Don't Conform Your Data to the Model. Do the Opposite.
In this post, I'll be responding to an idea I saw on LinkedIn. See my guidelines on naming names.
The Problem
I recently saw a post on LinkedIn which serves as a nice example of how the null hypothesis mindset leads people to poor statistical decision making. The author works at an AB testing as a service company. Here is the post:
I agree with most of the points listed, but I want to focus on the suggestion to Winsorize the data and the plots at the bottom of the post.
The issue here is that the author wants to be able to compare the effect of a treatment on a continuous variable. The problem arises presumably because the author wants to conduct a two-sample t-test on the observations against a null hypothesis, but the skewed distribution of the observables will mean the assumption of normality on the sampling distribution of the means won't be valid at lower sample sizes, and hence will decrease the power of the test.
The Proposed Solution
Winsorizing is used to clip the highest values to reduce the skewness in the observed data; so instead of a long tail, the empirical distribution now has a small peak at whatever the threshold was.
If we suppose a frequentist null hypothesis test is what they want, there are problems with using a t-test here:
- If we don't Winsorize the data, then the normality assumptions on the means do not hold until larger sample sizes (using CLT). So for sample sizes at which CLT does not apply (and what is that cutoff exactly?), the "frequentist guarantees" don't apply.
- If we do Winsorize, then we've changed our data so the frequentist guarantees also don't apply. How could they? We're throwing out data so we won't have accurate estimates in the difference of our means.
The post frames this as a bias/variance trade-off. While this is better than insisting on unbiasedness above all else, it seems to ignore the typical reasons given for using the null hypothesis test in the first place: those guarantees.
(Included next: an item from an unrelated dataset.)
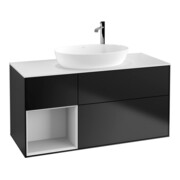 V&B Meuble sous lavabo Finion 120 cm, placage blanc mat, tiroir blanc mat laqué, bleu mat laqué-1
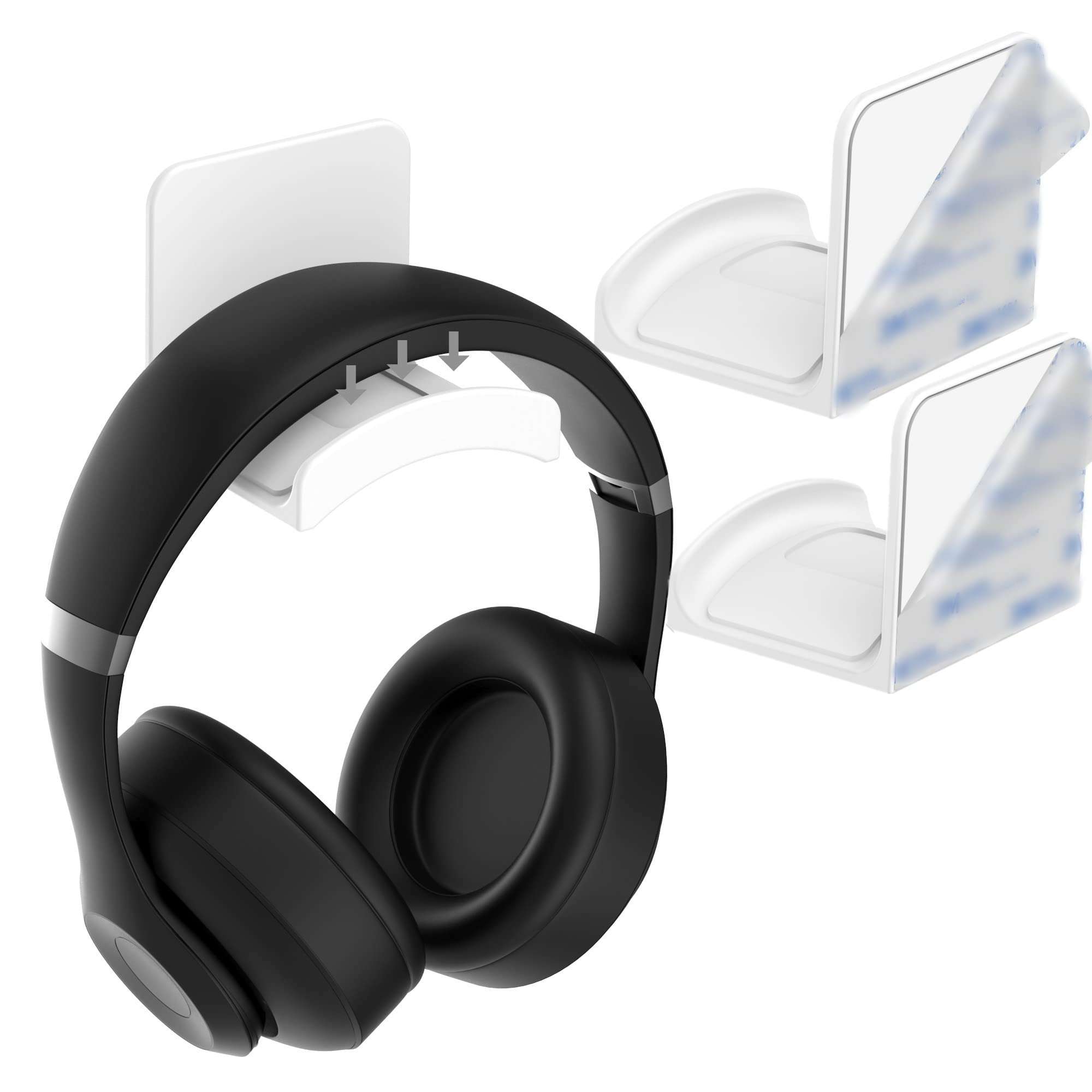 HomeMount Headphone Stand Headset Holder - Adhesive Gaming Headphone Hanger Hook Desk Mount for Most Headphone & Controller (White 2Pack) 1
Even if the method of analysis isn't a null hypothesis test, Winsorizing data still throws out information that might change our conclusion, had we not capped it. The value at which to cap it will necessarily be arbitrary. If we cap it ahead of time, then we may not know where a good cap is; if we cap it after the fact, how do we know our bias hasn't influenced the choice of cap?
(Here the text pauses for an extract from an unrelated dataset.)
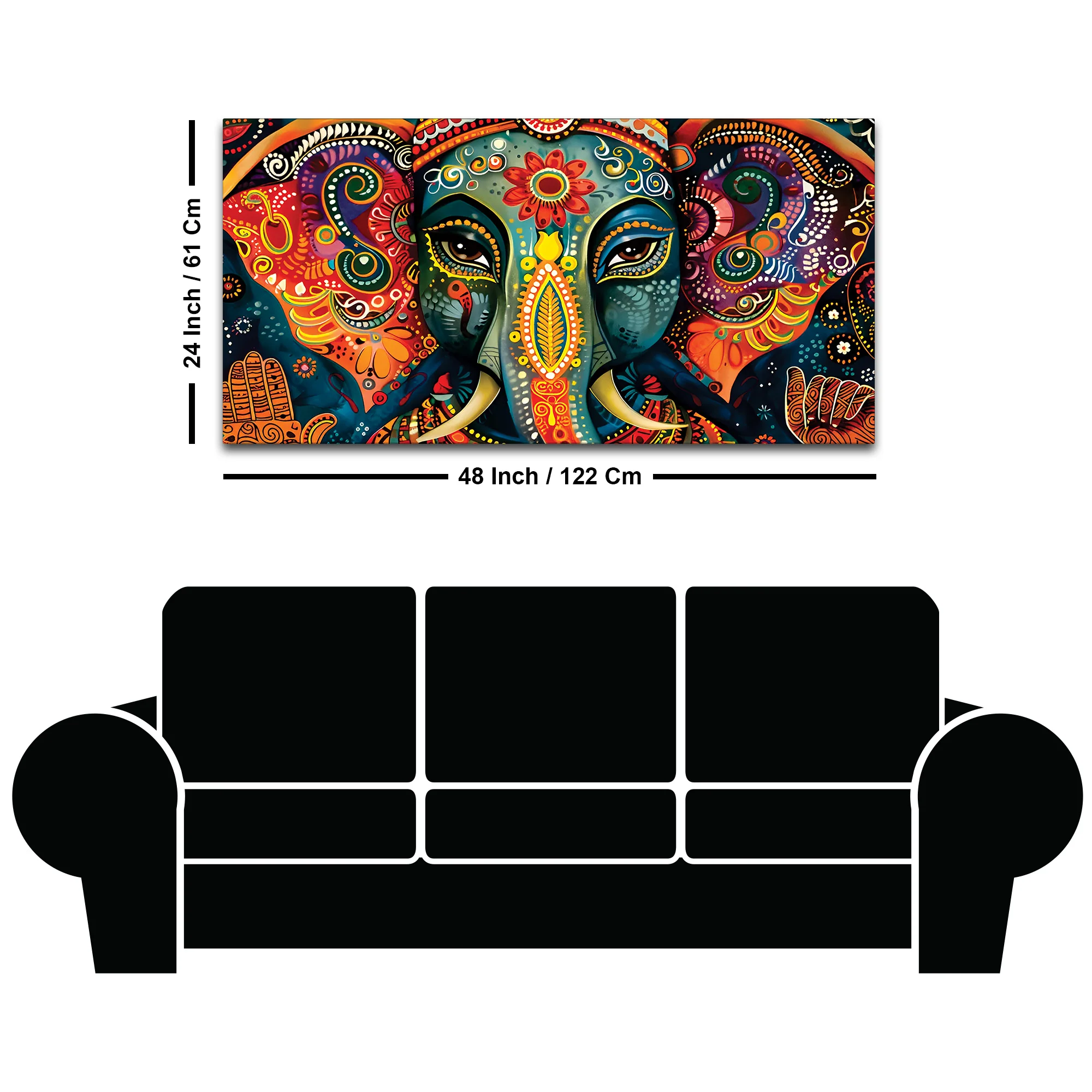 Vibrant Lord Ganesha Face Abstract Canvas Wall Painting for Home & Office – Modern Spiritual Wall Decor - Image 8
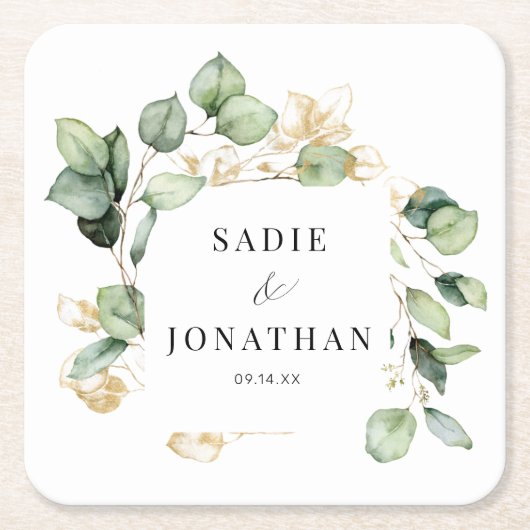 Eucalyptus Gold Elegante Wreath Wedding Rechteckiger Pappuntersetzer (Vorderseite)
In the Ron Kohavi post linked to in the screenshot, he discusses using the technique to reduce skewness and increase power. But increased power to compare what? If the continuous metric is what you care about, it's no longer clear what you're comparing with the new capped metric. He even gives an example of reducing required sample size by 50% through capping, and suggests capping at different levels to compare results. But how to decide which results to use? Maybe he explains it in his course that he links to, but it's hard to imagine a principled approach to deciding, and providing multiple options risks cherry-picking a convenient false positive.
The Alternative Solution
Instead of trying to make our data conform to the assumption of our model (the t-test relies on a model of the null hypothesis), we should do the opposite and find a model that describes the data well. Looking back at the post in the screenshot, we see an illustrative sample provided by the author. It looks like it would be well approximated by a log-distribution, and in my experience, this is quite common in revenue or customer lifetime value metrics. I agree with the author that we should not simply log the observations, but we could model the samples as log-normal distributions. Here are some benefits of doing so:
- We don't throw out information. Assuming our measurements aren't flawed, we should try to retain all available information from these tests. Driving higher revenue value is valuable to the company. If we use the same Winsor cutoff on both samples, then whichever sample drove more users above the cutoff will be punished in the comparison.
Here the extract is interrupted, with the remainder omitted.